“Hope is not a door, but a sense that there might be a door at some point, some way out of the problems of the present moment even before that way is found or followed.”
Source: Hope in the Dark: The Untold History of People Power
“We write history with our feet and with our presence and our collective voice and vision. And yet, of course, everything in the mainstream media suggests that popular resistance is ridiculous, pointless, or criminal, unless it is far away, was long ago, or, ideally, both. These are the forces that prefer the giant remain asleep.”
Source: Hope in the Dark: The Untold History of People Power
“I wonder sometimes what would happen if victory was imagined not just as the elimination of evil but the establishment of good...”
Source: Hope in the Dark: The Untold History of People Power
“Another part of the Puritan legacy is the belief that no one should have joy or abundance until everyone does, a belief that austere at one end, in the deprivation it endorses, and fantastical in the other, since it awaits a universal utopia. Joy sneaks in anyway, abundance cascades forth uninvited...Joy doesn't betray but sustains activism. And when you face a politics that aspires to make you fearful, alienated, and isolated, joy is a fine initial act of insurrection.”
Source: Hope in the Dark: The Untold History of People Power
“I am political in spite of myself. I don't want to do the things I know I have to do, don't want to expose myself to disapproval, to retribution, don't want to go to meetings and demonstrations, distribute leaflets, don't want to ask people for signatures, for money.
I don't do these things as naturally as I breathe, the way I imagine real political people do, real communists, real socialists and feminists, real radicals, real troublemakers, real champions of the people. I do them because I know I've got to, because I am convinced it's the only way to make changes, to stop abuses. I do them almost as a last resort. I do them because I've been putting off doing them, avoiding them for months, because finally the necessity has gripped me and overcome my reluctance, my desire for the warmth of my room, for my books, for my people, for the reassurance of my homely habits.”
Source: Getting Home Alive
“We inhabit, in ordinary daylight, a future that was unimaginably dark a few decades ago, when people found the end of the world easier to envision than the impending changes in everyday roles, thoughts, practices that not even the wildest science fiction anticipated. Perhaps we should not have adjusted to it so easily. It would be better if we were astonished every day.”
Source: Hope in the Dark: The Untold History of People Power
“To say that the emperor has no clothes is a nice anti-authoritarian gesture, but to say that everything without exception is going straight to hell is not an alternative vision but only an inverted version of the mainstream's 'everything's fine.”
Source: Hope in the Dark: The Untold History of People Power
“The revolution that counts is the one that takes place in the imagination; many kinds of change issue forth thereafter, some gradual and subtle, some dramatic and conflict-ridden--which is to say that revolution doesn't necessarily look like revolution.”
Source: Hope in the Dark: The Untold History of People Power
“We can sit in our corners mute forever while our sisters and our selves are distorted and destroyed, while our earth is poisoned; we can sit in our safe corners mute as bottles, and we will still be no less afraid.”
“When I say my wound became political in the years that followed, I don't mean that my involvement in the anti-war movement was somehow insincere or that I have any regrets about my activism.

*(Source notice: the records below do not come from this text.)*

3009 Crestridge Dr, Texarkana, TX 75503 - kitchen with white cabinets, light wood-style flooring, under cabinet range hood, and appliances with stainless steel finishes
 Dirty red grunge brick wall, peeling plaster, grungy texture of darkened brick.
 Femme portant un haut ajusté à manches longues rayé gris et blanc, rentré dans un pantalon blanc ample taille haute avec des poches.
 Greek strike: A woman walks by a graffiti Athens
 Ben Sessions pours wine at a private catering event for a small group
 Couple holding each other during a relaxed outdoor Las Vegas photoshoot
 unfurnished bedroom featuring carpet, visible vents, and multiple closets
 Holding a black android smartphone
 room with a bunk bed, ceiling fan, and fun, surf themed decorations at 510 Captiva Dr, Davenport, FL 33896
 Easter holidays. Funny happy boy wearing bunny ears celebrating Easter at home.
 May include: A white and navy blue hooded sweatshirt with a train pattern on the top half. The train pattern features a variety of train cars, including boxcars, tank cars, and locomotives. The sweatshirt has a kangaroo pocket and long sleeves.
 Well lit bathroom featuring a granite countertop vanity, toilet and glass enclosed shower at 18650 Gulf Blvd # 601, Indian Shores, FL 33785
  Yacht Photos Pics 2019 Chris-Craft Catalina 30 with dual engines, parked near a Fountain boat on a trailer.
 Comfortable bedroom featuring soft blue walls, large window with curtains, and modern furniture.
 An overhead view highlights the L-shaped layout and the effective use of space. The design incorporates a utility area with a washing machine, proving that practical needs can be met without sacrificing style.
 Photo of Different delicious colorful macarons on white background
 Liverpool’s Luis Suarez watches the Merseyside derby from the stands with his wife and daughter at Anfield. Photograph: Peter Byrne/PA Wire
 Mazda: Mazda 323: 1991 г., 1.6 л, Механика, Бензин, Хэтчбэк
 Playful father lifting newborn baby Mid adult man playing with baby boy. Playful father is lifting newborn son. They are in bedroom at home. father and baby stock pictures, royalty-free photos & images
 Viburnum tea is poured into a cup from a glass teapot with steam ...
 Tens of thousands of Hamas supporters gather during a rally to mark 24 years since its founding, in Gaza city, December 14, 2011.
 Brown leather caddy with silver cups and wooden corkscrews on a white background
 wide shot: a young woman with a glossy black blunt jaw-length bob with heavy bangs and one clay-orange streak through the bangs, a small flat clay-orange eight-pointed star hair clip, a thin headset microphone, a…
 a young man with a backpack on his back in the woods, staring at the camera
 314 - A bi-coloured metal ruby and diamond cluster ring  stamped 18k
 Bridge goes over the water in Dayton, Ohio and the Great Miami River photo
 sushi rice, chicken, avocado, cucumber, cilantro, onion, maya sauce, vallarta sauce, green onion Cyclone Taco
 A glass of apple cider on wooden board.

As a champion of the downtrodden, the disenfranchised, the poor, and the oppressed, I found a new outlet for the somewhat irrational but nevertheless strong sense I had of being an outsider in a group - uncomfortable, awkward, and quick to feel a slight. Political feeling can't exist without identification, and mine inevitably went to people without power, In contrast, right-wing ideologies often appeal to those who want to link themselves to authority, people for whom the sight of military parades or soldiers marching off to war is aggrandizing, not painful. Inevitably, there is sublimation in politics, too. It becomes an avenue for suppressed aggression and anger, and I was no exception. And so it was that armed with passion and gorged on political history, I became a firebrand at fourteen. For three years, I read and argued and demonstrated. I marched against the Vietnam War, helped print strike T-shirts at Carleton College after the deaths of four students at Kent State, attended rallies, raised money for war-torn Mozambique, signed petitions, licked envelopes for the American Indian Movement, and turned into a feminist. But even then, I didn't believe all the rhetoric.”